- _Source data_
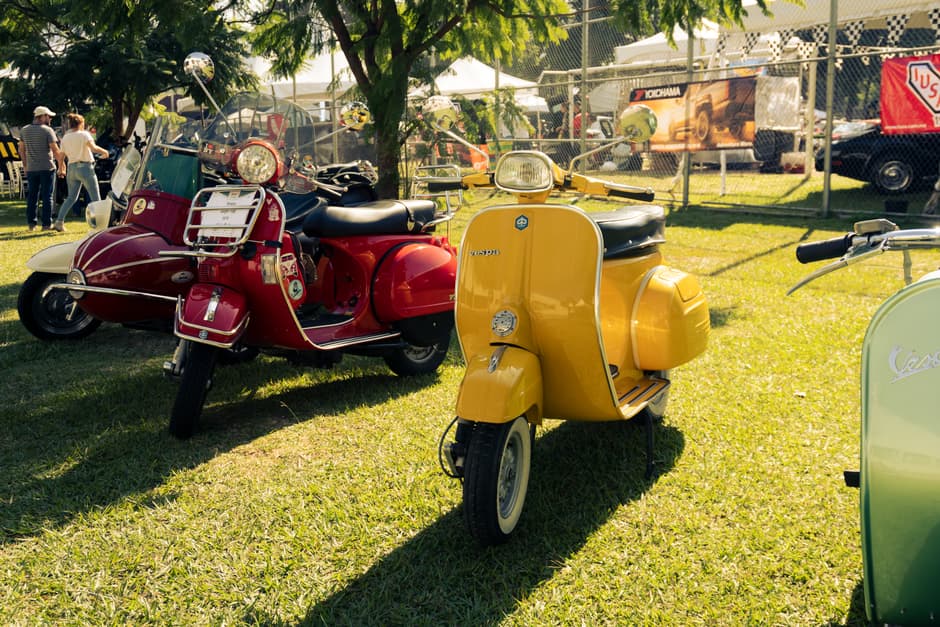 Exposición de motos antiguas en un evento al aire libre, en el chat de Vespasiano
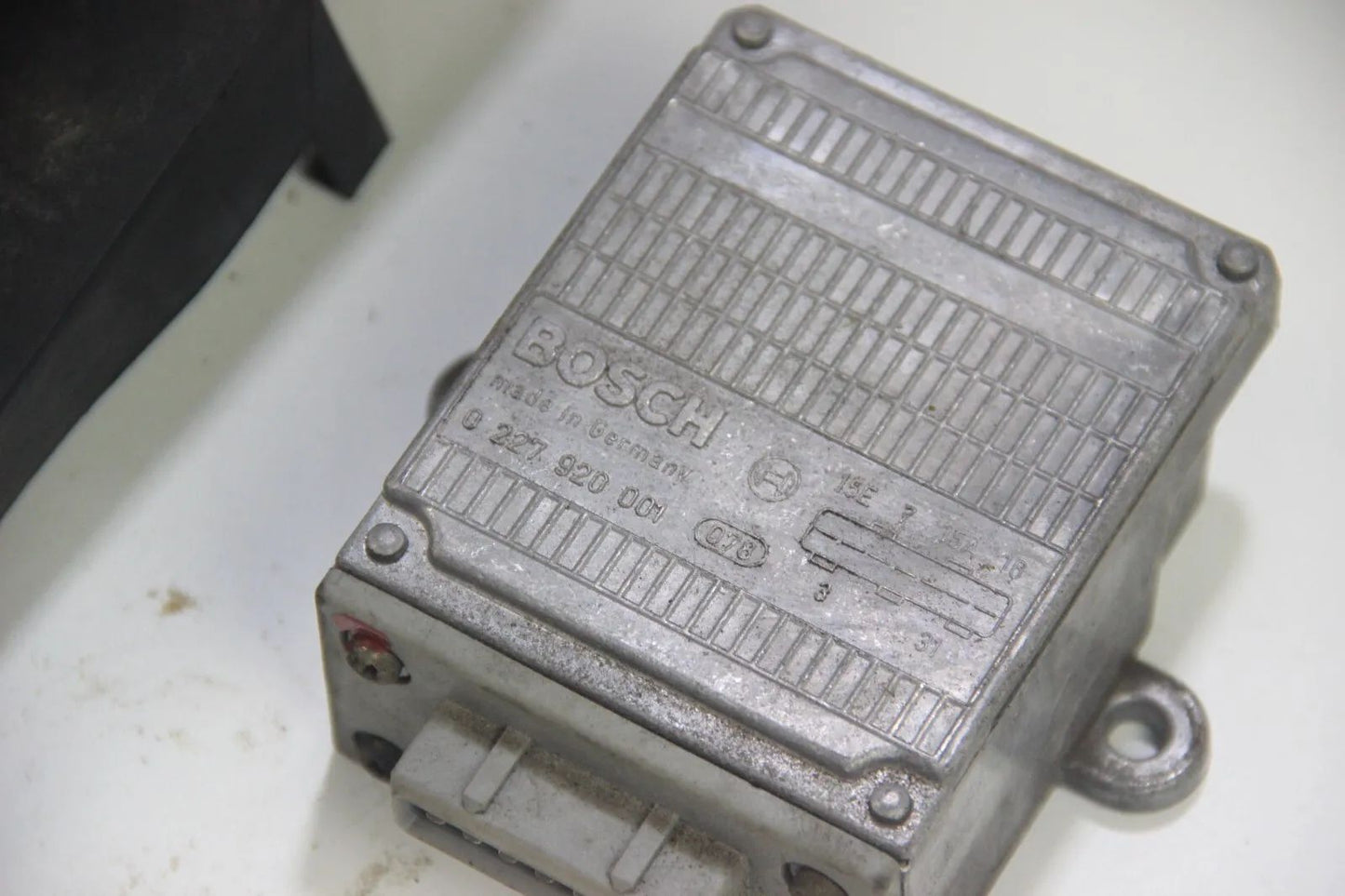 Original BMW E23 745i Turbo M106 Zündung Abdeckung 1273210 0227920001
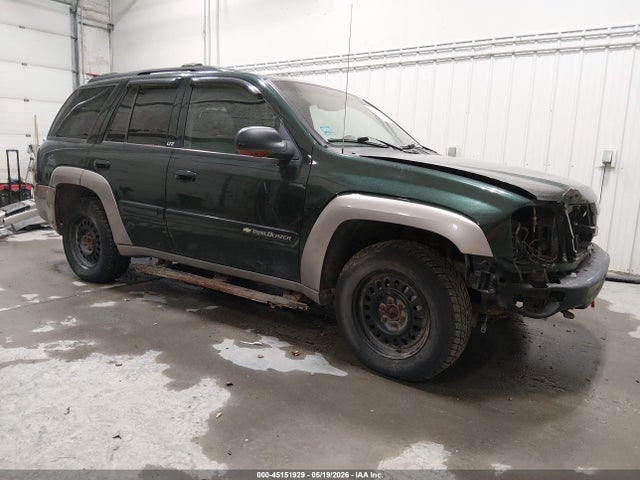 Salvage Chevrolet Trailblazer Image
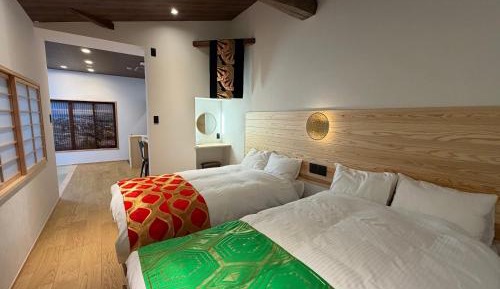 Quadruple Room with Bath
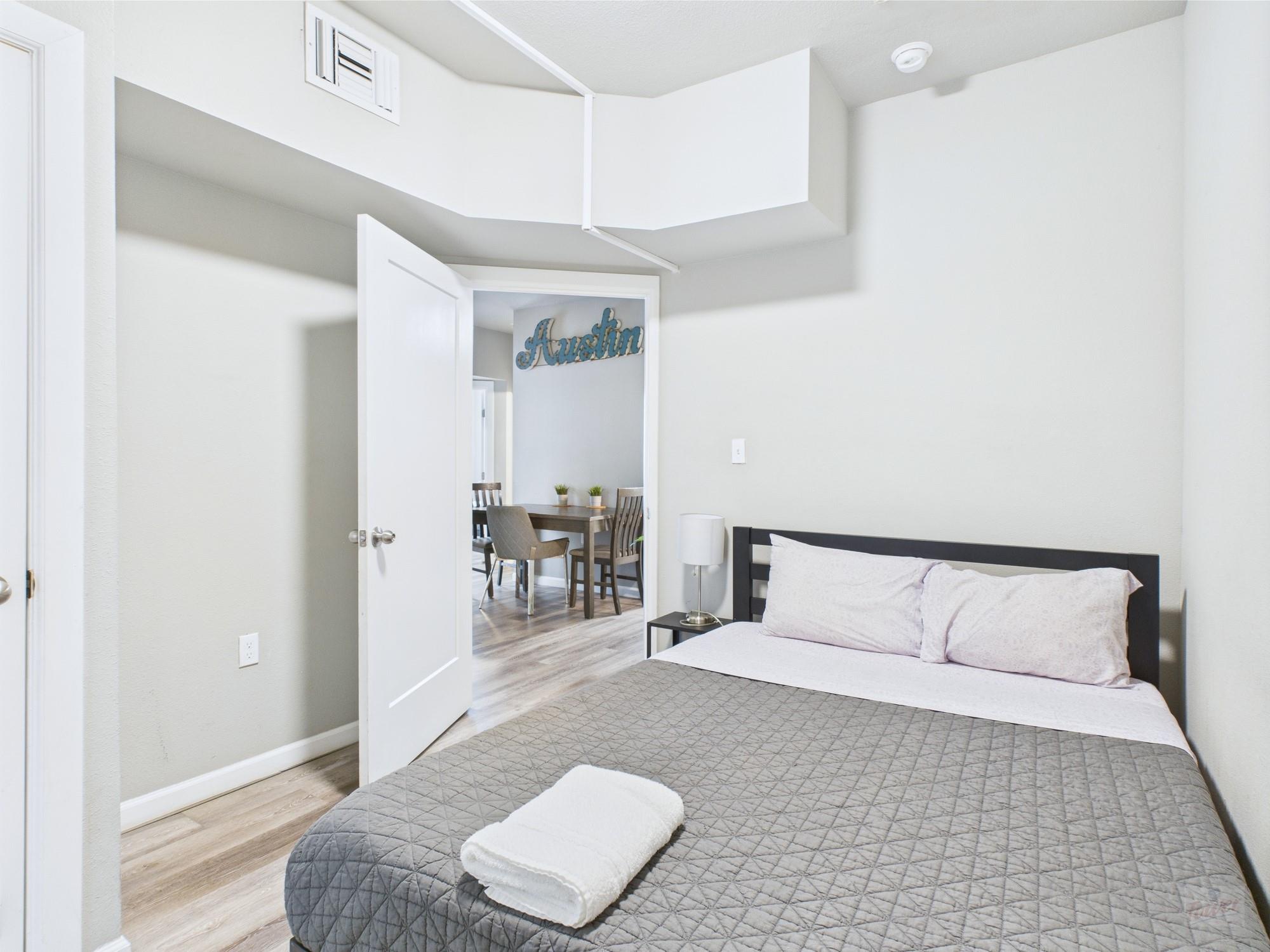 911 W 22nd St # 302, Austin, TX 78705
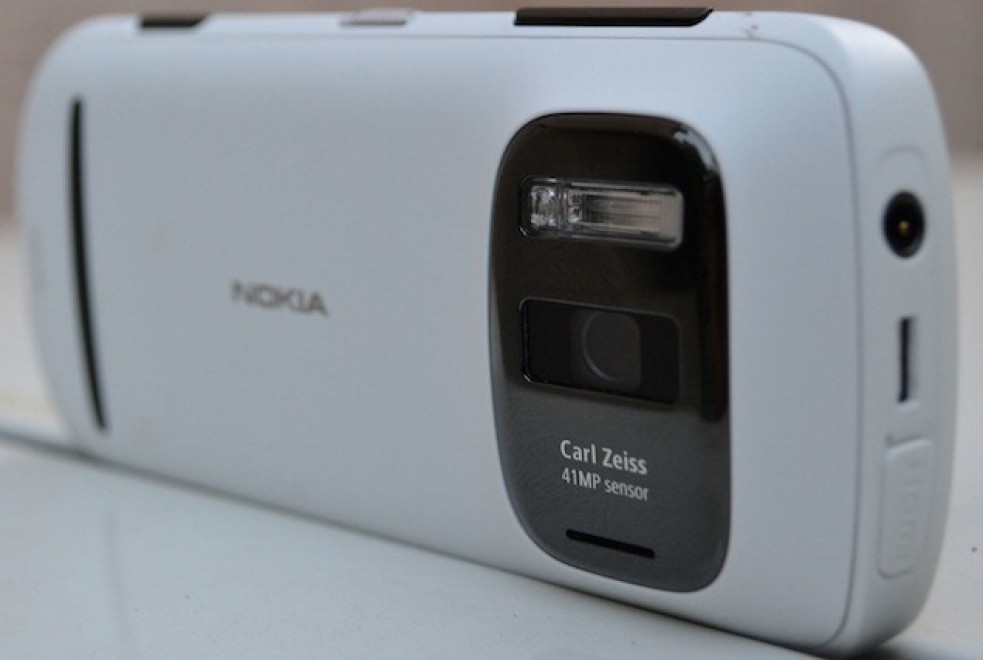 Nokia Eos, un Lumia da 41 Megapixel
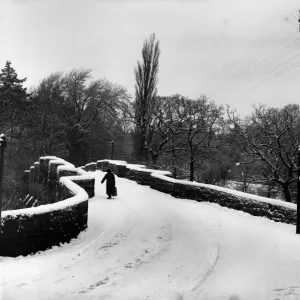 Stopham Bridge in snow, 1938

- _Your instructions_
The lines to be quoted run from the line containing "Quadruple Room with Bath" through the end of the entries above, both included; quote them exactly and leave out any pictures.

- _Solved problem_
 Quadruple Room with Bath
 911 W 22nd St # 302, Austin, TX 78705
 Nokia Eos, un Lumia da 41 Megapixel
 Stopham Bridge in snow, 1938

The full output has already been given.